2. Never buy a totally new pair online.
“You can’t assess comfort without making comparisons, so you have to try on at least two or three pairs before you select one,” Langer says. (And before you cry, “Free returns!” admit it: It’s easier to try on a bunch of options in a store than it is to lug boxes back to the post office.) If you’re new to running, try at least one lightweight pair with a super-thin sole, and one thicker-soled pair that looks sturdier. It will help you figure out what feels best and narrow down a large selection.
3. Don’t trust running store technology.
Shoe salespeople often use fancy-shmancy gizmos to assess your gait and find the perfect shoe, i.e., one that improves performance and minimizes the risk of injury. But real scientists who wear white coats and work in labs and devote their entire lives to motion analysis can’t even truly do that. Langer’s best advice: “Focus on comfort, and remember that the authority on comfort is the person wearing the shoe.”
4. Run before you buy.
According to Langer, studies that compare standing, walking, and running have found that running is the least comfortable activity. (Thanks, science.) It’s why you can’t accurately assess a pair of running shoes without taking them for a test drive. Langer suggests running around the store (or on a treadmill, if they have one) for 30 to 60 seconds to assess comfort before you throw down for the pair.

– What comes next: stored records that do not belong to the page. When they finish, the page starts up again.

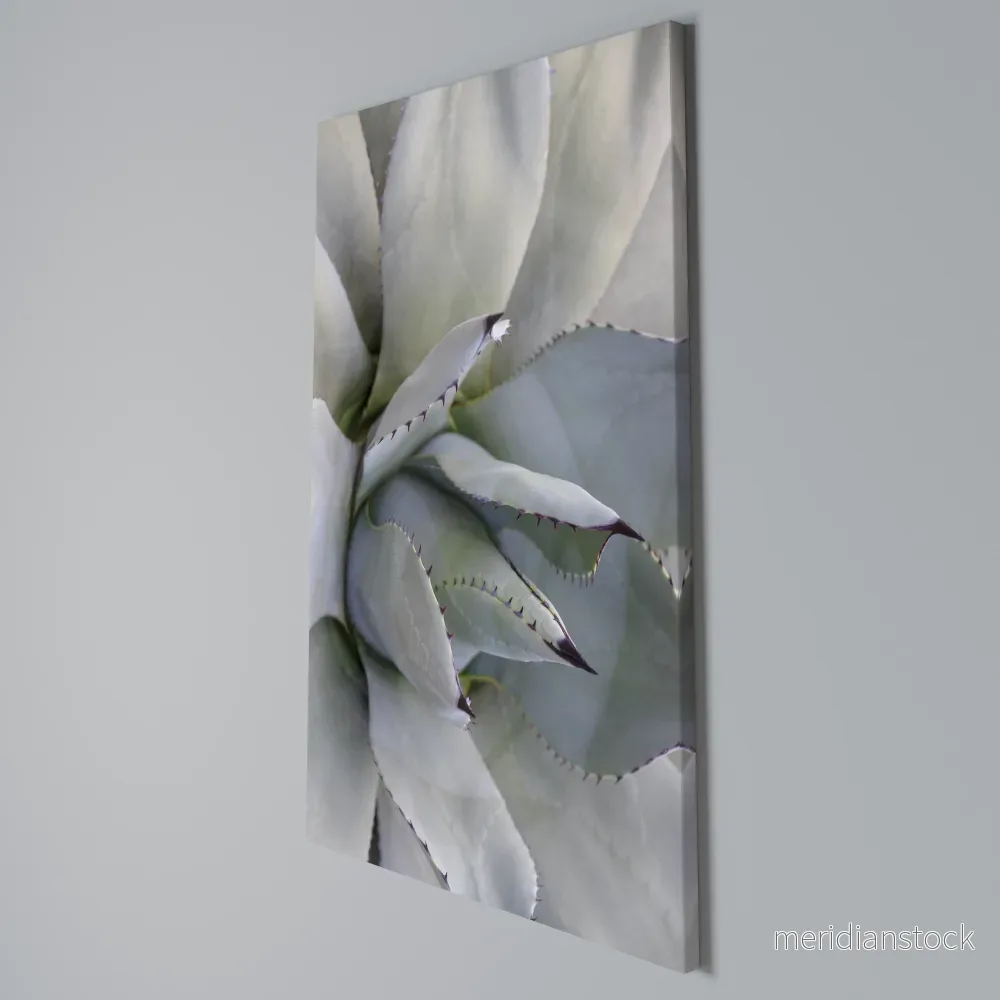 AGAVE ELEGANCE Vertical Canvas Print - Bild 3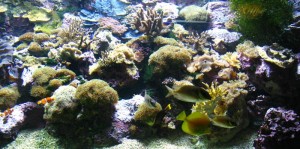 Nuevo acuario de corales duros en el Zoo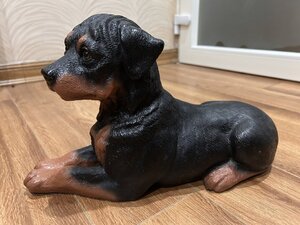 IMG_1164.jpeg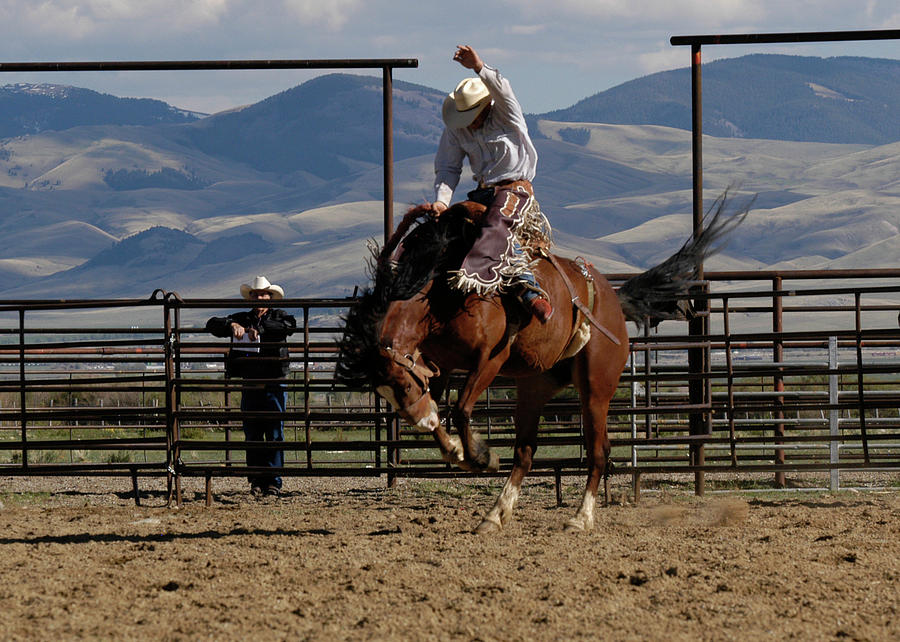 Jockey Riding Horse, And Reaching High Photograph by Cgbaldauf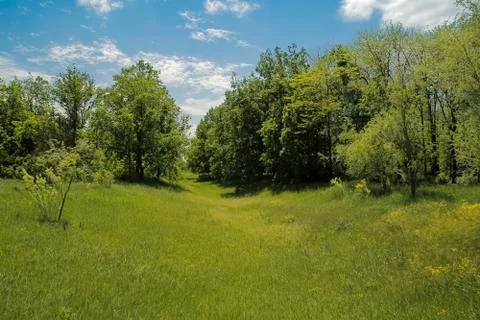 Green Scenery Photos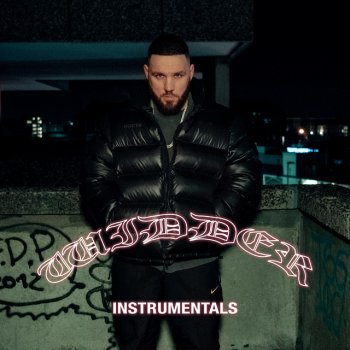 Fler MODELFACE - Instrumental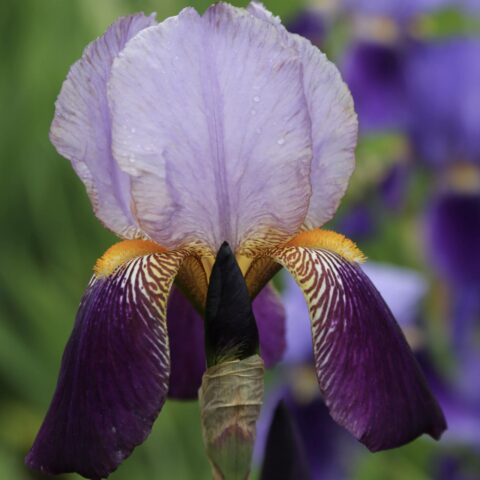 Iris germanica "Alczar"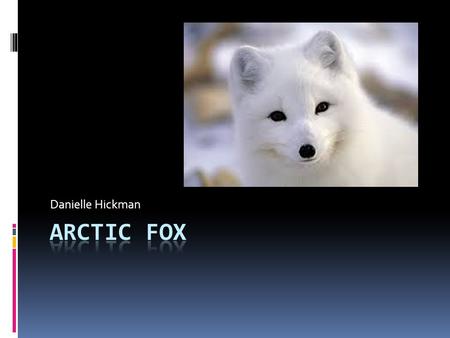Danielle Hickman. Names  Scientific Name: Vulpes lagopus  Common Name: Arctic Fox.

5. Color does make a difference.
Well, at least when it comes to the shoe sole. Black soles are made of carbon rubber (the same stuff used in car tires), so they’re heavy and super durable. White and colored soles are made from blown rubber, a lower-density, softer material that contains more air and weighs less. So how do you know which color to choose? Consider the surface you typically run on. If that’s concrete or asphalt, which cause more wear and tear on your shoes, go with black soles. And if you run on a padded track, treadmill, grass, or dirt trail, colored soles will take you the distance.

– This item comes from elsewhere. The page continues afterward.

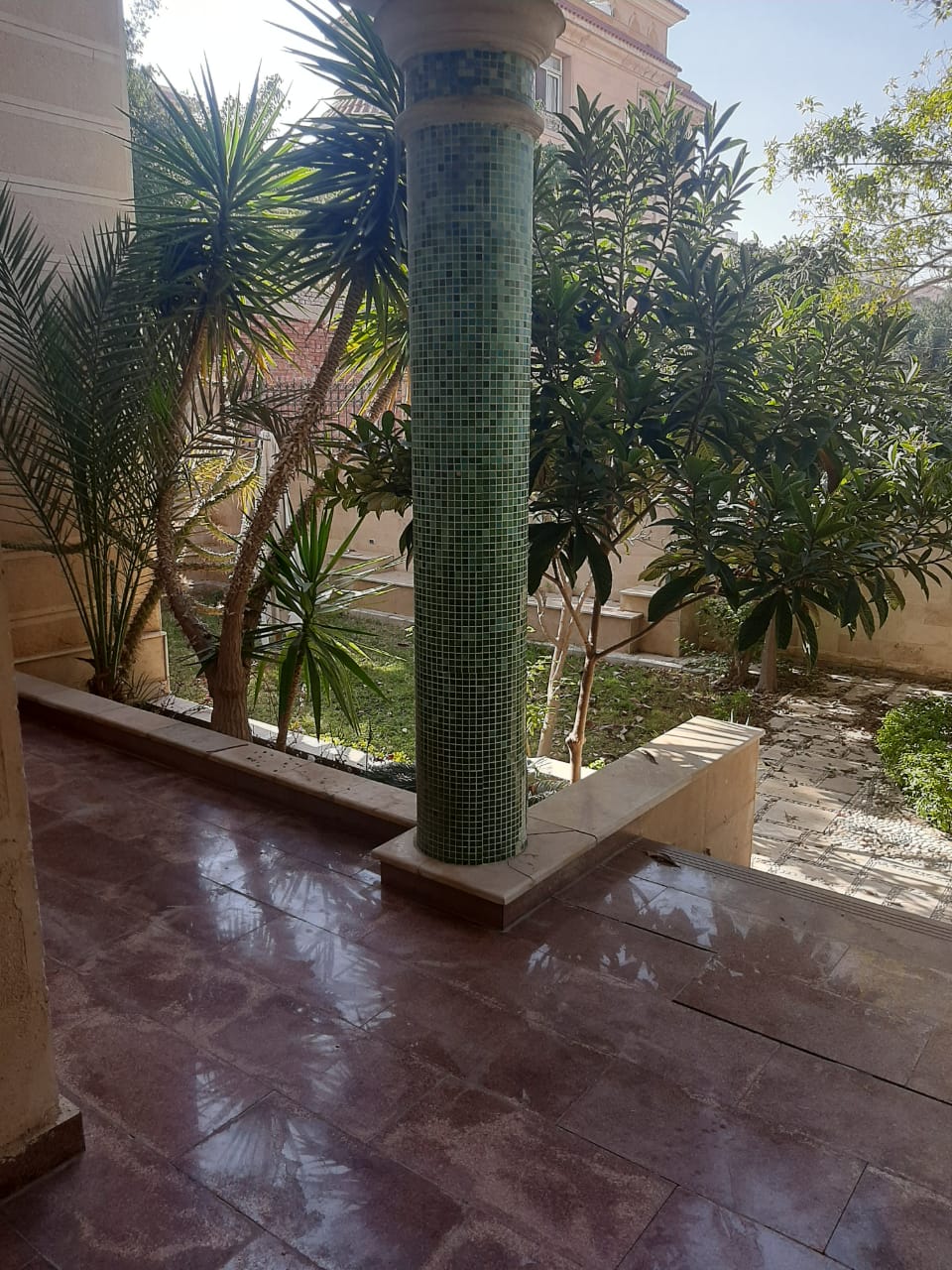 ميديا 12
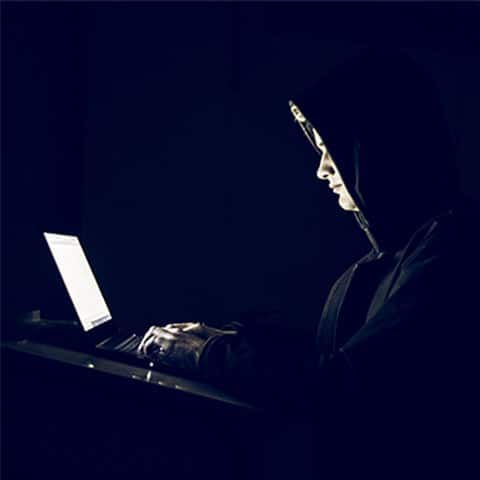 Online criminaliteit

6. Cushy shoes aren’t always comfortable.
Your joints move more when you wear super-soft soled running shoes, which may not work for your body or stride. Try pairs with different levels of cushioning to see what really feels best.
7. Trail-runners don’t need super-stable sneakers.
It’s true that you’re more likely to twist an ankle when you run off-road. However, your safety net isn’t cushioning — it’s control. A minimalist-style shoe (i.e., thin-soled) can help your foot adapt to an uneven surface so you don’t end up sprawled on it.
8. Don’t buy shoes that fit perfectly.
Really! You want your running shoe to be snug in the back two-thirds with plenty of wiggle room up front to accommodate swelling, which almost always happens when you run. Most people are good to go with a half-size larger than whatever they typically wear. If you run ultra-long distances, though, your feet will swell even more, so go nuts and get a full size larger.